(Raw data begins)

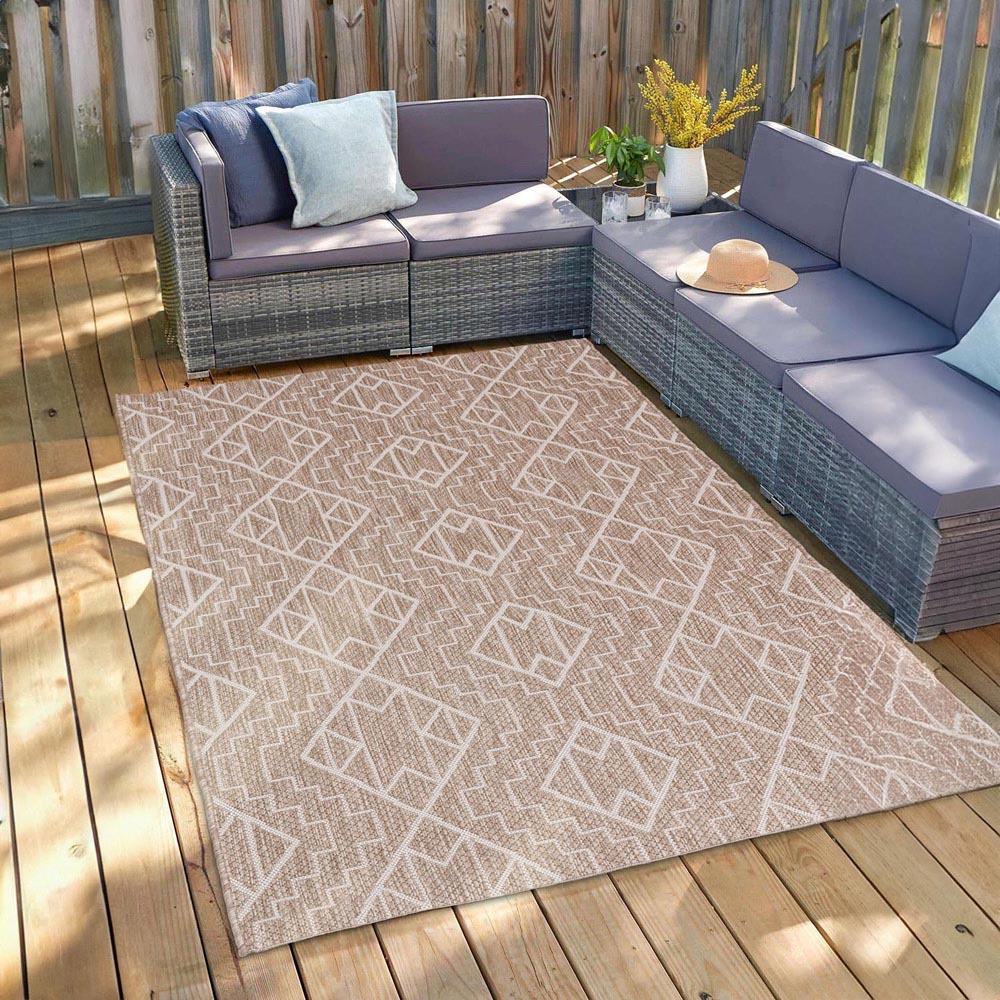 Beige Aztec Indoor Outdoor Rug 120cm Image 2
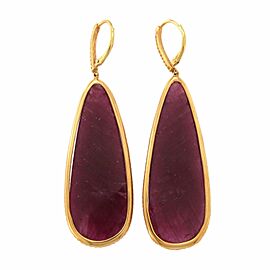 Luxo Jewelry Rose Cut Sliced 74 CT Natural Ruby 1.13 CT Diamonds 14K Rose Gold Drop Earrings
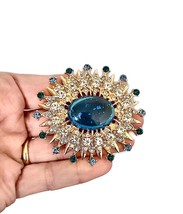 Vintage Inspired Blue Resin &amp; Crystals Cabochon Large  Pin Brooch - $13.30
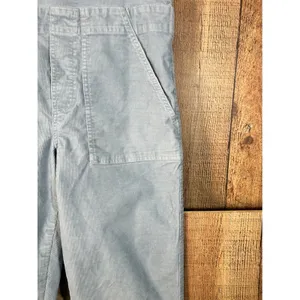 Aerie Light Blue Corduroy Overalls Raw Hem Adjustable Straps Size S Small P thumbnail 3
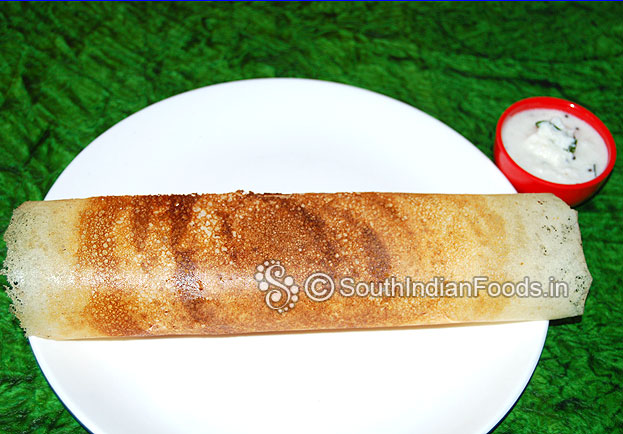 Crispy dosa is ready serve hot with chutney or sambar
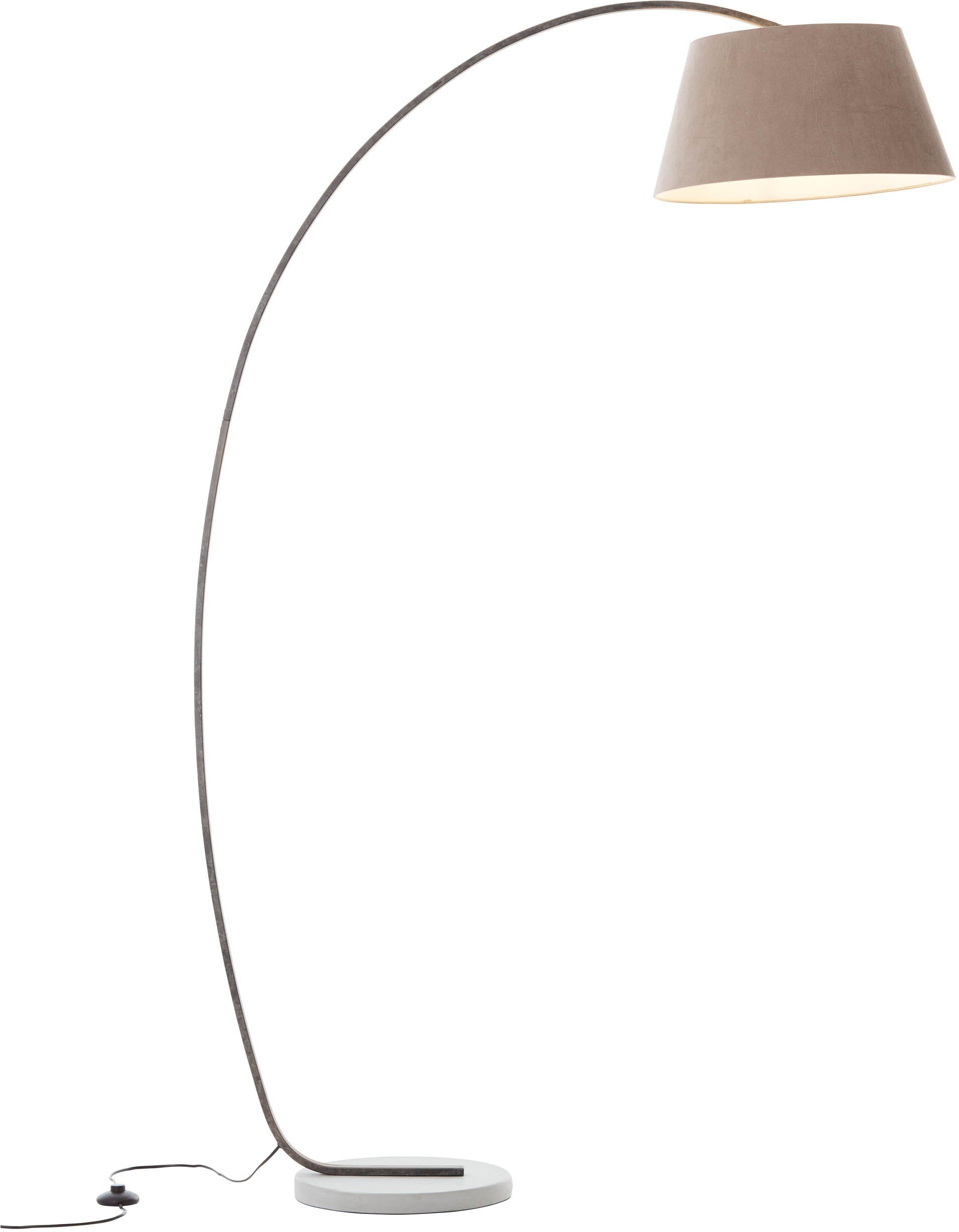 Brilliant Leuchten Booglamp Brok 196 cm hoogte, 121 cm uitsteek, e27, draaibaar, beton/metaal/textiel, taupe (1 stuk)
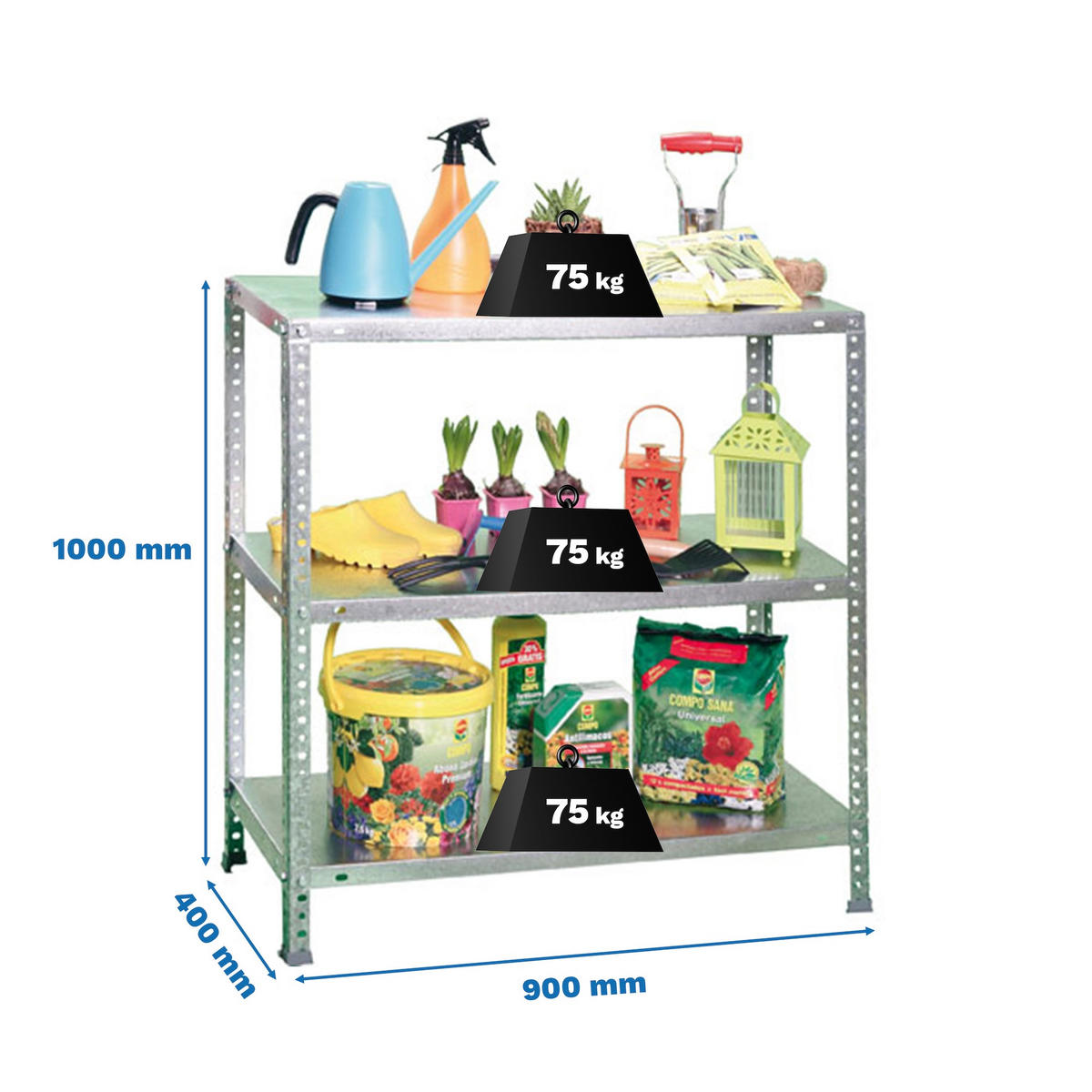 SCHRAUBREGAL PANDA SMALL | HxBxT 100x90x40cm | 3 Fachböden | Fachlast 75kg | Verzinkt - Silberfarben, Metall (90/100/40cm) - PROREGAL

(Raw data ends)

**The problem**
Write out each entry exactly, images excluded.

**Solution to this task**
 Beige Aztec Indoor Outdoor Rug 120cm Image 2
 Luxo Jewelry Rose Cut Sliced 74 CT Natural Ruby 1.13 CT Diamonds 14K Rose Gold Drop Earrings
 Vintage Inspired Blue Resin &amp; Crystals Cabochon Large  Pin Brooch - $13.30
 Aerie Light Blue Corduroy Overalls Raw Hem Adjustable Straps Size S Small P thumbnail 3
 Crispy dosa is ready serve hot with chutney or sambar
 Brilliant Leuchten Booglamp Brok 196 cm hoogte, 121 cm uitsteek, e27, draaibaar, beton/metaal/textiel, taupe (1 stuk)
 SCHRAUBREGAL PANDA SMALL | HxBxT 100x90x40cm | 3 Fachböden | Fachlast 75kg | Verzinkt - Silberfarben, Metall (90/100/40cm) - PROREGAL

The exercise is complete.